I see that the script suggests to run rMW maintenance/cleanupEmptyCategories.php in --mode remove if the recounting category script is run in the pages mode (we're configuring it to use all which includes that mode). Shall we configure a periodic job for cleanupEmptyCategories.php too?

I think we can do this with a plain foreachwiki; in T299244 there was some urgency to get the counts fixed so I split it by shard but here if it's a bit slower that's fine. Each wiki will still get counts refreshed once a month anyways.

Thank you. Patch amended to use foreachwiki.

LGTM!

I see that the script suggests to run rMW maintenance/cleanupEmptyCategories.php in --mode remove if the recounting category script is run in the pages mode (we're configuring it to use all which includes that mode). Shall we configure a periodic job for cleanupEmptyCategories.php too?

Good point. See https://gerrit.wikimedia.org/r/c/mediawiki/core/+/756415

@Majavah Could you please run the improved recountCategories script on the Beta Cluster and save the output for review in a Paste?

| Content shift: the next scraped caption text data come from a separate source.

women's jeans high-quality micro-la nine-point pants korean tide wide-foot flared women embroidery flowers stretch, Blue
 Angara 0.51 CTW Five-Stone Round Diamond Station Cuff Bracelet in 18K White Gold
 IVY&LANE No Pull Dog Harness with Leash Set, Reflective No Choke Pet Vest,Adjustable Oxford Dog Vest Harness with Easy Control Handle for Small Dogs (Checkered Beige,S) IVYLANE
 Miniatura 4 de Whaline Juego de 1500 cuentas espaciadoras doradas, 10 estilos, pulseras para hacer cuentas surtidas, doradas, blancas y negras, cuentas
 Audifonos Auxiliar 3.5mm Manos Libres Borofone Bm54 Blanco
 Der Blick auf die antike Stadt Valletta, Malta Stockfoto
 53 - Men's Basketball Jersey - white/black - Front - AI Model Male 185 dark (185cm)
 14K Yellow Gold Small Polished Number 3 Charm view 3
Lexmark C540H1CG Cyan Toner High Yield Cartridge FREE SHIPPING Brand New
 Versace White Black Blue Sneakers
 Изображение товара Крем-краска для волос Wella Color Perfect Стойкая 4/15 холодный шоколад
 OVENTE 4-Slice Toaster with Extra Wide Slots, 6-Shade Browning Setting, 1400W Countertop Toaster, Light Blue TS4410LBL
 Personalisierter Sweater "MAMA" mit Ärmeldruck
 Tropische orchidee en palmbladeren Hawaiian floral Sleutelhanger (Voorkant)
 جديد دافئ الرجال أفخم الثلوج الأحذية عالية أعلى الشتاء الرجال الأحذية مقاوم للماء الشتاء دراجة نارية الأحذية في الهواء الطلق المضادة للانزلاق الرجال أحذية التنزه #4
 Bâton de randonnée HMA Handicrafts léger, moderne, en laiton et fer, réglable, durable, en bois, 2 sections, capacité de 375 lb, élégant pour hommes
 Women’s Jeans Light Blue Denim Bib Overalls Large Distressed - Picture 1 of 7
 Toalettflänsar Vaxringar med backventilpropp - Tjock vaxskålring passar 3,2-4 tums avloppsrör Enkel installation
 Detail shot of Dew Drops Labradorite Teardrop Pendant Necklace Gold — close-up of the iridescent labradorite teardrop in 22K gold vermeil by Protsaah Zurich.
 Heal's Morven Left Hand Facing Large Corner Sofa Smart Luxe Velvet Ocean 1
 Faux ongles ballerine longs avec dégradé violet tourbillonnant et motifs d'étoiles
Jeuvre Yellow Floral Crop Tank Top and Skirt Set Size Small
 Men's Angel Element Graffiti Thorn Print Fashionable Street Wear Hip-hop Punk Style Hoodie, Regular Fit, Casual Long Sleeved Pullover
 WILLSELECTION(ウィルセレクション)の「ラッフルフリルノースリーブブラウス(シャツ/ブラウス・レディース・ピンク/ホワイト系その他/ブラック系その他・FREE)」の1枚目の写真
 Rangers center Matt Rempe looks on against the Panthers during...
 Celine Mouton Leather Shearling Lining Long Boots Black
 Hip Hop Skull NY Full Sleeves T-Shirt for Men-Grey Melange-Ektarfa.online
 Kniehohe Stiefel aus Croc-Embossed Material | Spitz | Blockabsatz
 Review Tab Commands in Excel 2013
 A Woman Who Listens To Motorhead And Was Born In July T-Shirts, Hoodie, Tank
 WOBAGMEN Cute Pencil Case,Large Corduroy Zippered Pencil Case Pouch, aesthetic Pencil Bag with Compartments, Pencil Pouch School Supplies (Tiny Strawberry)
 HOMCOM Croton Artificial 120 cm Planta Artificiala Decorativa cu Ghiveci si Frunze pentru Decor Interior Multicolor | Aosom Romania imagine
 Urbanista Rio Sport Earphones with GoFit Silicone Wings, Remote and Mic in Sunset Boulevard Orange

foreachwiki maintenance/recountCategories --mode all >path/to/logs

@Legoktm and myself would be interested in knowing how it does before merging the Puppet patch.

Thanks!

Mentioned in SAL (#wikimedia-releng) [2022-01-28T21:45:05Z] <taavi> running recountCategories.php on all beta wikis per T299823#7652496

@Majavah Could you please run the improved recountCategories script on the Beta Cluster and save the output for review in a Paste?

P19566

Change 756069 merged by RLazarus:

[operations/puppet@production] mediawiki::maintenance: Run recountCategories.php monthly on all wikis

https://gerrit.wikimedia.org/r/756069

Mentioned in SAL (#wikimedia-operations) [2022-02-03T20:43:10Z] <rzl> rzl@mwmaint1002:~$ sudo systemctl start mediawiki_job_recount_categories.service # T299823

As requested on IRC, here's the log from today's run:

Legoktm added a project: User-notice.

LGTM! Looking at the mysql-aggregated dashboard for those times, I can't really see any major spikes. Looking at enwiki/s1, you can see the increase in rows read, but there are (presumably) normal traffic spikes that are even bigger.

I added a note in tech news: https://meta.wikimedia.org/w/index.php?title=Tech%2FNews%2F2022%2F06&type=revision&diff=22755031&oldid=22754011

Closing because I think we're all set!

I've checked the example categories mentioned by Liz in that thread and they show as empty on Category:Empty categories awaiting deletion and they have no articles inside either (so they're indeed empty categories correctly displaying as empty right now). Unless I am not reading the thread right, looks like there are no issues now?

As for the cause, could it be some caching issue? or DB master/replica lag?

enwiki had quite a bit of rows to update https://phabricator.wikimedia.org/F34941981$6776 only next to commonswiki https://phabricator.wikimedia.org/F34941981$2934

Re: Tech News - let me know if any changes are needed, ASAP. I'll be freezing it for translations within ~2 hours.

Re: Tech News - let me know if any changes are needed, ASAP. I'll be freezing it for translations within ~2 hours.

I think what we have now is fine. On IRC MA and I discussed that while it is possible things are temporarily wrong because of this script (which is still undetermined), overall things are less wrong.

Shall we ensure: absent the script while the investigation on the reported issues is ongoing?

I had looked at this back in February or in March and didn't think there was anything actionable left. If people are having issues with category counts being significantly wrong at the beginning of the month (after this script runs), please shout.